### Problem
Exact copy, no pictures: repeat the data that follows.

### Source material
——————————

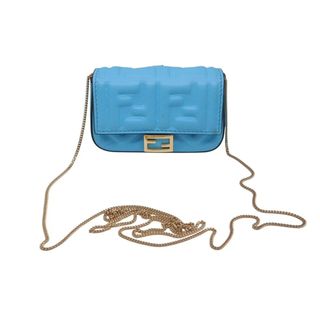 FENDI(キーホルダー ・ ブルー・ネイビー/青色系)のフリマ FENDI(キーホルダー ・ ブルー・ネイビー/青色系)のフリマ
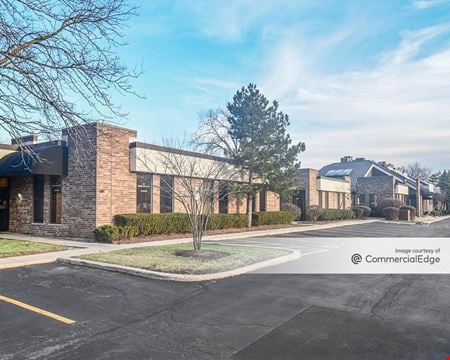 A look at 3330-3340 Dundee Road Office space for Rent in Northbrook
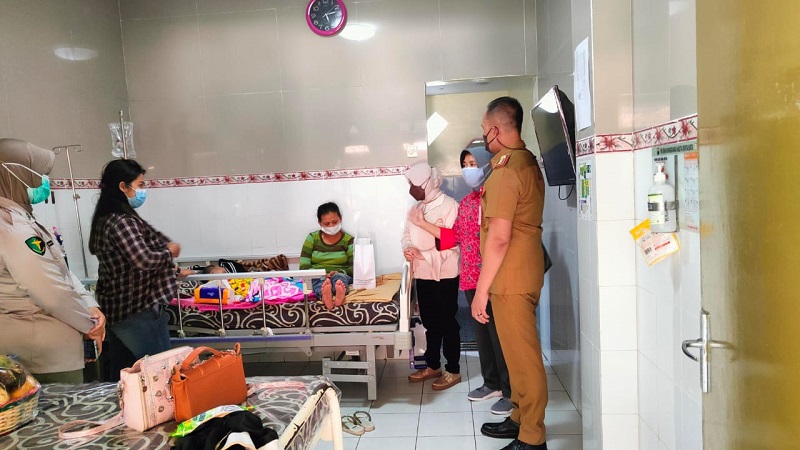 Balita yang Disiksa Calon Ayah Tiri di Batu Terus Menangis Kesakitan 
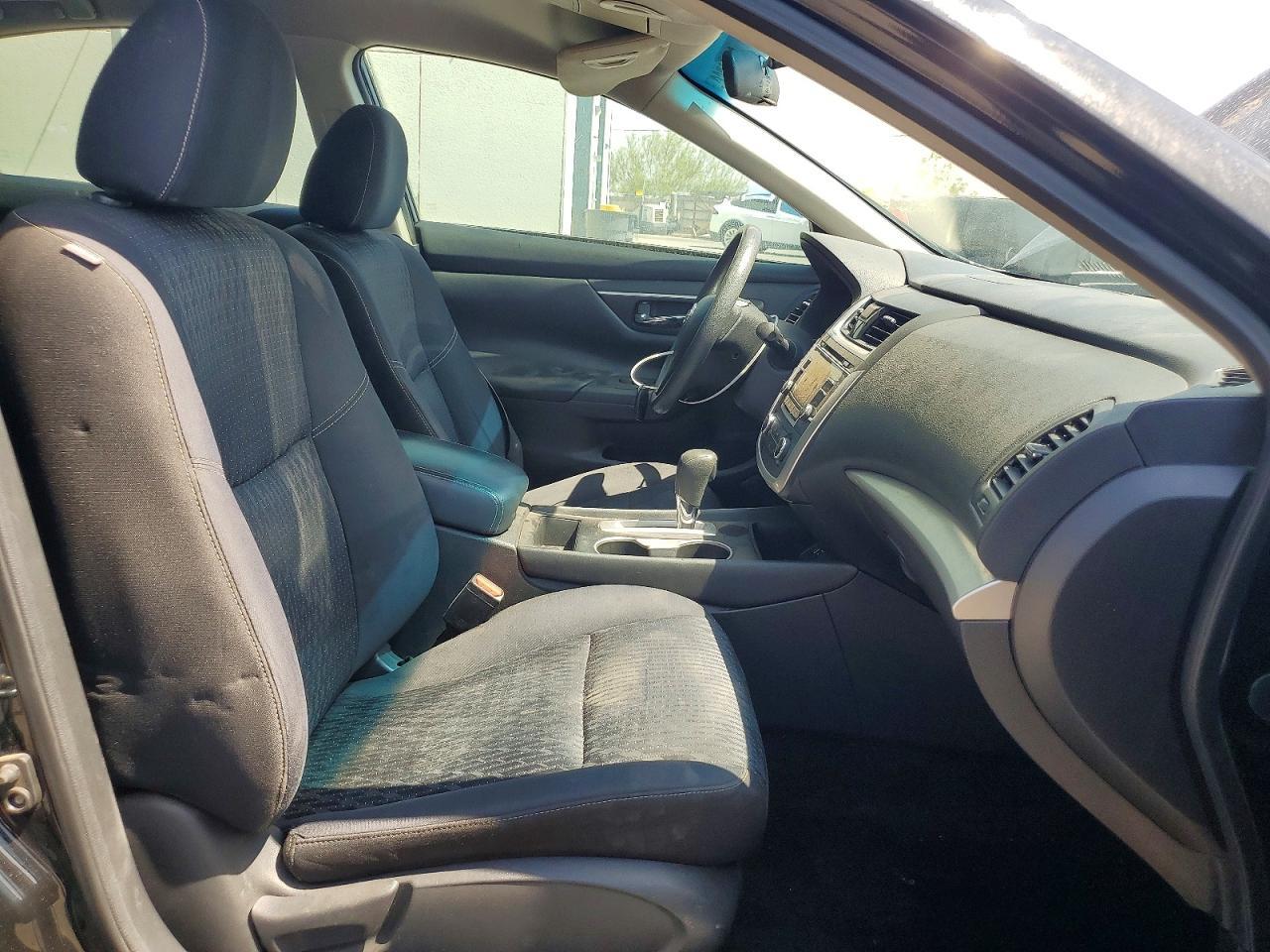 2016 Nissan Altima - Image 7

——————————

### Solution to the exercise
 FENDI(キーホルダー ・ ブルー・ネイビー/青色系)のフリマ FENDI(キーホルダー ・ ブルー・ネイビー/青色系)のフリマ
 A look at 3330-3340 Dundee Road Office space for Rent in Northbrook
 Balita yang Disiksa Calon Ayah Tiri di Batu Terus Menangis Kesakitan 
 2016 Nissan Altima - Image 7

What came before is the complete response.